V. Chat: The Natural Collaboration Interface

If every Agent is a “Context Island,” how do they collaborate?

The answer: Through message passing, not shared memory.

In plain English: Chat. You can have a chat window with each Agent, or pull several Agents into a group for a specific task. They don’t share context, but they pass necessary information through you—the human—or through direct messages.

You might ask: What if I need an Agent to access another Agent’s memory?

The answer: You need to explicitly “carry” it.

This looks like a “regression”—why not just connect all memories? But this is the core of the design: Forcing explicit information transfer forces you to think about “what information is truly necessary.”

Just like microservices use APIs instead of shared databases. The limits of network bandwidth force you to define clearly “what can be passed, and what shouldn’t.”

IM becomes the bus for exchanging information between different context blocks.

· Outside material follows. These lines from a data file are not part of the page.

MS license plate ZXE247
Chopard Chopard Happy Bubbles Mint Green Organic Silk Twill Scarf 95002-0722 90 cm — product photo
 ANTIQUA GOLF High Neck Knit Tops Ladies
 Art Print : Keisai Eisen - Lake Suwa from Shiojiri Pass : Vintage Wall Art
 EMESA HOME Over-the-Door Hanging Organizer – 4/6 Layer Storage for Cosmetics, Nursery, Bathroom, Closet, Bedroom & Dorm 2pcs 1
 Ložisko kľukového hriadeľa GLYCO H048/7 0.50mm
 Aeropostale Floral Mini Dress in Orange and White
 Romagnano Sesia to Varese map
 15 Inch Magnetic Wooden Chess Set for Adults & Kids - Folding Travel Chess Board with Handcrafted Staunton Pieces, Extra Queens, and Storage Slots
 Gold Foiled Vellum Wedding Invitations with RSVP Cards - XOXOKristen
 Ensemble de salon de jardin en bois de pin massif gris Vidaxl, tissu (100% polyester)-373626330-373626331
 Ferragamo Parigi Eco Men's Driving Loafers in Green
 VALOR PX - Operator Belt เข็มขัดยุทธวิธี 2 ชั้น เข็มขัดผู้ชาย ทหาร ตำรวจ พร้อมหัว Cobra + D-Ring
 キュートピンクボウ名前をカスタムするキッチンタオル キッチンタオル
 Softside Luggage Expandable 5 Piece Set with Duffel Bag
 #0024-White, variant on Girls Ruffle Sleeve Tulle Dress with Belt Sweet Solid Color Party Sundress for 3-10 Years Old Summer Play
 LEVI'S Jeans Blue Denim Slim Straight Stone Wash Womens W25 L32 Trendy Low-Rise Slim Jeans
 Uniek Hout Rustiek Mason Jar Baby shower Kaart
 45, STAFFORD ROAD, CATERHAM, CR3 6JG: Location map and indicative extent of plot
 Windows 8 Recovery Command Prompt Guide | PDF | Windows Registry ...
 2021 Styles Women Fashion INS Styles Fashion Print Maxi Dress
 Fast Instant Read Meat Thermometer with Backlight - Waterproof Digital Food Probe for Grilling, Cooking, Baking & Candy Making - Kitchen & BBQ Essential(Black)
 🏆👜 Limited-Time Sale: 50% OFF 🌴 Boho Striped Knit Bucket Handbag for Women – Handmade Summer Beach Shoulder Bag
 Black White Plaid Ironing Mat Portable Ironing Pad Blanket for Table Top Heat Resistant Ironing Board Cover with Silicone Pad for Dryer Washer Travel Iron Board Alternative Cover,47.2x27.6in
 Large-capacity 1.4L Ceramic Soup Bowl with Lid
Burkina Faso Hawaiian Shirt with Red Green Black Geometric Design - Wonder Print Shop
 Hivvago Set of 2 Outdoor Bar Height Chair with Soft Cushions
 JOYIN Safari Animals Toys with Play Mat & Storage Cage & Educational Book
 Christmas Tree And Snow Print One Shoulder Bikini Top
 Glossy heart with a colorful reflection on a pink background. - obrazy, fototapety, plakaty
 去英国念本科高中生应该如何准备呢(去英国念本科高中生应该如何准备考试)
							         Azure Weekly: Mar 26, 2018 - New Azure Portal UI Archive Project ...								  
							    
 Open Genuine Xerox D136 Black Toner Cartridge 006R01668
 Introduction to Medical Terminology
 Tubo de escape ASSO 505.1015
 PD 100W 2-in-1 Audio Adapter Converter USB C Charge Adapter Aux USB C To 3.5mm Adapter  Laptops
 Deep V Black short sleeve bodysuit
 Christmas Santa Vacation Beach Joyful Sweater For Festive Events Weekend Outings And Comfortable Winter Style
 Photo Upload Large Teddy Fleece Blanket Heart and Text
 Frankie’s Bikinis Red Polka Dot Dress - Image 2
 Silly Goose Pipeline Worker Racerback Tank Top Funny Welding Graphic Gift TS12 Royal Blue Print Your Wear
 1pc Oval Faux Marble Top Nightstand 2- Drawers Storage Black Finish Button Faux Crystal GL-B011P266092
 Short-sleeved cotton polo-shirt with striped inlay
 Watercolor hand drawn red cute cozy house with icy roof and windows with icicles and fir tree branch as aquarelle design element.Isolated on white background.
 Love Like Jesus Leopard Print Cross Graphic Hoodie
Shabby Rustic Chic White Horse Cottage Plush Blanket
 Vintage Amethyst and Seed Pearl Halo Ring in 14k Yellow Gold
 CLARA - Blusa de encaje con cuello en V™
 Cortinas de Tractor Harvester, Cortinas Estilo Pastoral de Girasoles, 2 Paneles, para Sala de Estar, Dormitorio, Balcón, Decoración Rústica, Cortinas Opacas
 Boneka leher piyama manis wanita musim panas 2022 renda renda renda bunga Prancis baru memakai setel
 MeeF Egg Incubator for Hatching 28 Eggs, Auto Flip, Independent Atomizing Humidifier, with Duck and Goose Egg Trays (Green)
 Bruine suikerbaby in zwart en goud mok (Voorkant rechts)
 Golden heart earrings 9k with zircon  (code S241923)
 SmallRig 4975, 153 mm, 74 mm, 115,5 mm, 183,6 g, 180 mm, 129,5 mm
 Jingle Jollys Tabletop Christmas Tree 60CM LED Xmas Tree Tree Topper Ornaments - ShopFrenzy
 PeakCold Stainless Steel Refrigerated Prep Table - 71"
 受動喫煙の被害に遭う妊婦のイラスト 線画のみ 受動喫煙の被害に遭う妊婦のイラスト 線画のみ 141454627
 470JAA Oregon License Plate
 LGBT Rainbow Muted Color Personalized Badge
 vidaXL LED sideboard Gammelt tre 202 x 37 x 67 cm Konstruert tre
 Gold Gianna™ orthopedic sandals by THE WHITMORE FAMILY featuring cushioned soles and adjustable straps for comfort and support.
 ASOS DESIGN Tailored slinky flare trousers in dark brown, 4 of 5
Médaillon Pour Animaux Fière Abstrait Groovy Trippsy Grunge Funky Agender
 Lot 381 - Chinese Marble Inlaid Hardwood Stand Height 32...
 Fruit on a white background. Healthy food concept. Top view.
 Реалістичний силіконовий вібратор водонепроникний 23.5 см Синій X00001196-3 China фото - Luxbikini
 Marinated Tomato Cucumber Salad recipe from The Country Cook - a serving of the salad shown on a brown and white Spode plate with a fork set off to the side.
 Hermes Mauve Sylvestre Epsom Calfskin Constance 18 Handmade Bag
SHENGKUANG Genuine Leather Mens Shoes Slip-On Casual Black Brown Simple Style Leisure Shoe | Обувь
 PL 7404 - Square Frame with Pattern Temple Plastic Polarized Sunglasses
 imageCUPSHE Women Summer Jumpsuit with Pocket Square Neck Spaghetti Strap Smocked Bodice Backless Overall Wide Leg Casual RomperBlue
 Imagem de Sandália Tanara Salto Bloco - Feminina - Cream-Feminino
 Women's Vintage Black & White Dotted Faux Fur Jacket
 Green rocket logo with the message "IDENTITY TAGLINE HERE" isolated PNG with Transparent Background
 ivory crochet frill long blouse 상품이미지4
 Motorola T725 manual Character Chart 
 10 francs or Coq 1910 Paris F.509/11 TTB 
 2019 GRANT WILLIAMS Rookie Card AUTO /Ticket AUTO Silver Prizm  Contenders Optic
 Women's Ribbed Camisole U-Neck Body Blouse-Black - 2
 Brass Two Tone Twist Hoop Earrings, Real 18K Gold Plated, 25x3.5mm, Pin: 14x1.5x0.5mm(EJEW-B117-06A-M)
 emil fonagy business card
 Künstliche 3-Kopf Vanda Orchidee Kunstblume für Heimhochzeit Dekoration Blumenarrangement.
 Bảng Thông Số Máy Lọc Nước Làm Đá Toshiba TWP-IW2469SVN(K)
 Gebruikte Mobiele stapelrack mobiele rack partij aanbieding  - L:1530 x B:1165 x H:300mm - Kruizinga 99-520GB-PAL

VI. Conclusion: Your Team of “Digital Twins”

The personal AI assistant of the future will not be an omnipotent “god.”

It will be a team—composed of multiple versions of “yourself,” each remembering only one slice of your life.

  • The self who is hyper-focused on code.
  • The self who is a thoughtful father.
  • The self who is an imaginative researcher.

They share capabilities but guard different memories. They don’t need “meetings” to sync because necessary cross-domain information flows naturally through your conversations.

We don’t need to assemble a team of “strangers”—those stations labeled Planner, Reviewer, Writer.

What we need is ourselves in different states.

Let memory define the role, and let messages connect the avatars.